The battle of lightweight materials is becoming one of many players.

Companies like Mazda are striving to cut down weight with clever use of high-strength steels. Lotus has always gone the way of plastic composite bodies. Even magnesium has been suggested for reducing weight. Ferrari and McLaren have taken two other routes - aluminum for the former, and carbon-fiber with the latter.

According to Popular Mechanics, the Prancing Horse is unlikely to change any time soon.

It's a question of cost, ease of manufacture and lightness, says Ferrari engineer Patrizio Moruzzi. Previous Ferrari supercars such as the 1995 F50 and 2002 Enzo have used expensive and highly time-consuming carbon fiber construction, where the shapes of the tub and body panels are all individually laid out and baked.

It takes about a day to make a car this way, but aluminum construction lets Ferrari build nearer 30 cars a day.

There's very little weight penalty either when comparing aluminum to mass-produced carbon fiber.
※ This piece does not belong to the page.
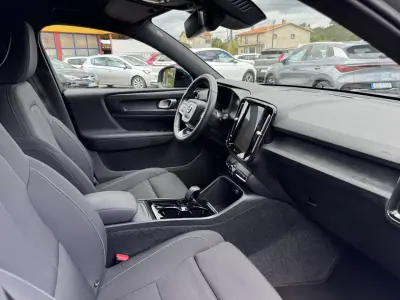 Volvo XC 40 2023 - 28500 EUR, 58000 km - AUTO.MOTO.pt - 58000km - foto 14 de 38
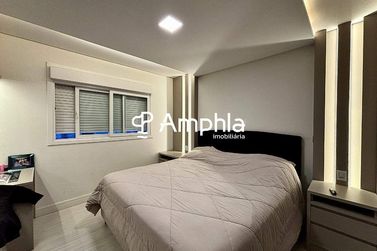 Apartamento &agrave; venda - 231m&sup2; - Centro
When injecting carbon fibers and resin into a mould for quick production, the end result weighs little different to aluminum, while being more expensive and difficult to repair in the event of an accident.

Ferrari likes the wide scope of aluminum components too - the metal can be used in everything from stamped sheet metal for body panels, through aluminum castings and extrusions for certain components.

They're fastened together with a mix of welding, rivets, sheet-metal screws and epoxy bonding. Ferrari is aiming towards more widespread use of lightweight and strong epoxy glue in future models - a method pioneered by Lotus in its 1996 Elise.

As Popular Mechanics points out, steel will still be the dominant material in more down-to-earth cars for some time to come. It's cheaper to construct with, easier (and therefore cheaper) to repair, and modern techniques have allowed weight to start coming down too.

For supercars though, the materials race is likely to follow two paths for quite some time to come.